Records excerpted from a collection:
____
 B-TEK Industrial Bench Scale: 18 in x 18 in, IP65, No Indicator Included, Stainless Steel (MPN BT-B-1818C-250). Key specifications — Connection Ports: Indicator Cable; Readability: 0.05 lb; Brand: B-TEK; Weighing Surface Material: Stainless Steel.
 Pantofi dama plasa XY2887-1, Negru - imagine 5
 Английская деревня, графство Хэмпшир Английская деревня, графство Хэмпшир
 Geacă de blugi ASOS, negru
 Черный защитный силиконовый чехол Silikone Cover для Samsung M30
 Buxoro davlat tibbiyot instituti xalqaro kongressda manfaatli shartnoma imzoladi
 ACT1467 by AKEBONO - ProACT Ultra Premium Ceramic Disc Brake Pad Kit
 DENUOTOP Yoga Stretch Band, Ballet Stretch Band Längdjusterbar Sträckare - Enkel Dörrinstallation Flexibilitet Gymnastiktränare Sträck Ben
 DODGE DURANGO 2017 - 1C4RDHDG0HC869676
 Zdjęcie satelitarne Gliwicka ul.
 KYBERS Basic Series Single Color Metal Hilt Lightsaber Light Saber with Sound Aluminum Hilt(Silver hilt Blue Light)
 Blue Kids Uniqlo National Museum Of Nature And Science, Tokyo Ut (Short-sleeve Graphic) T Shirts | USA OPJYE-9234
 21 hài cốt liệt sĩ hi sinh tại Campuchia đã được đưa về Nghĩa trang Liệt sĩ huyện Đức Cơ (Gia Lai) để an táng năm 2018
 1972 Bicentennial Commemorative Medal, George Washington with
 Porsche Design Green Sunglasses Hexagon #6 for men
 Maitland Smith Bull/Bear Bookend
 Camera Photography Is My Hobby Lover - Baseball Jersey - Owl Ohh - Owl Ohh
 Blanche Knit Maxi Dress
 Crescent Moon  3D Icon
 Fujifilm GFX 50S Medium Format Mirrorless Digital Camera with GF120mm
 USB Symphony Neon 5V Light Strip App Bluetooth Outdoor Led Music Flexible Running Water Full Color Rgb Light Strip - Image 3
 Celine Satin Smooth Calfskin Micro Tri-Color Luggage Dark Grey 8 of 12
____
EXERCISE OBJECTIVE:
Every line in the data above that contains "Light" needs to be copied.

RESULT OF THE EXERCISE:
 KYBERS Basic Series Single Color Metal Hilt Lightsaber Light Saber with Sound Aluminum Hilt(Silver hilt Blue Light)
 USB Symphony Neon 5V Light Strip App Bluetooth Outdoor Led Music Flexible Running Water Full Color Rgb Light Strip - Image 3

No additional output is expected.